Builds the final prompt by combining context and user input

The full implementation of contextual RAG (with routing, scoring, compression, etc.) is covered in Contextual RAG.

Integration with AI Services

Quarkus LangChain4j automatically wires a RetrievalAugmentor into any AI service if a corresponding bean is available in the CDI context. This makes it easy to enable RAG for any AI service:

@RegisterAiService
public interface Assistant {
    // Automatically augmented if a RetrievalAugmentor is available
    String chat(String userMessage);
}

You can also explicitly reference a specific RetrievalAugmentor in the AI service annotation. This is useful when multiple augmentors exist and you want full control over which one is used.

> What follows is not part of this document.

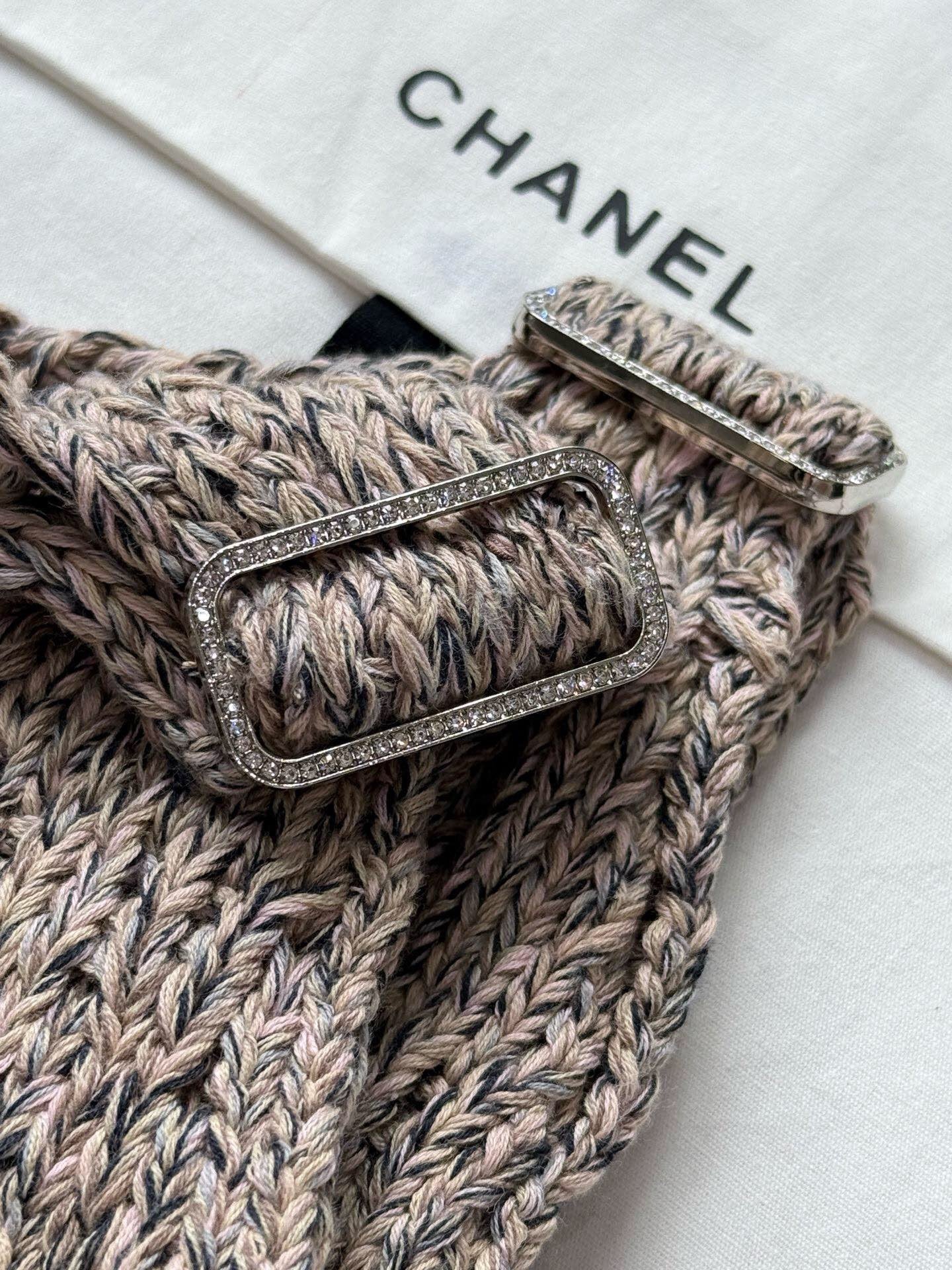 Neues, individuell gefärbtes Leibchen aus der Butterfly-Serie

@RegisterAiService(retrievalAugmentor = RagRetrievalAugmentor.class)
public interface Assistant {

    String chat(String userMessage);

}

The retriever implementation must be exposed as a Supplier<RetrievalAugmentor> application scoped bean. This allows lazy initialization and flexible configuration. The bean can be configured using @ConfigProperty, for instance:

@ApplicationScoped
public class RagRetrievalAugmentor implements Supplier<RetrievalAugmentor> {

    @ConfigProperty(name = "rag.retrieval.max-results", defaultValue = "5")
    int maxResults;

    @Inject EmbeddingModel embeddingModel;
    @Inject EmbeddingStore embeddingStore;

    @Override
    public RetrievalAugmentor get() {
        EmbeddingStoreContentRetriever retriever =
         EmbeddingStoreContentRetriever.builder()
            .embeddingModel(embeddingModel)
            .embeddingStore(embeddingStore)
            .maxResults(maxResults)
        .build();
        return DefaultRetrievalAugmentor.builder()
            .contentRetriever(retriever)
        .build();
    }
}
To verify that your RetrievalAugmentor is used, you can inspect model logs (and check for the prompt augmentation) or inject it manually in a test class to verify its behavior.

Summary

Query-time augmentation is a critical phase of any RAG system. In Quarkus LangChain4j:

  1. You build a RetrievalAugmentor that enriches queries with relevant content.

  2. You choose between easyRAG, simple (naive) or advanced (contextual) strategies.

  3. Your ingestion pipeline must match your augmentation setup in embedding model and data format.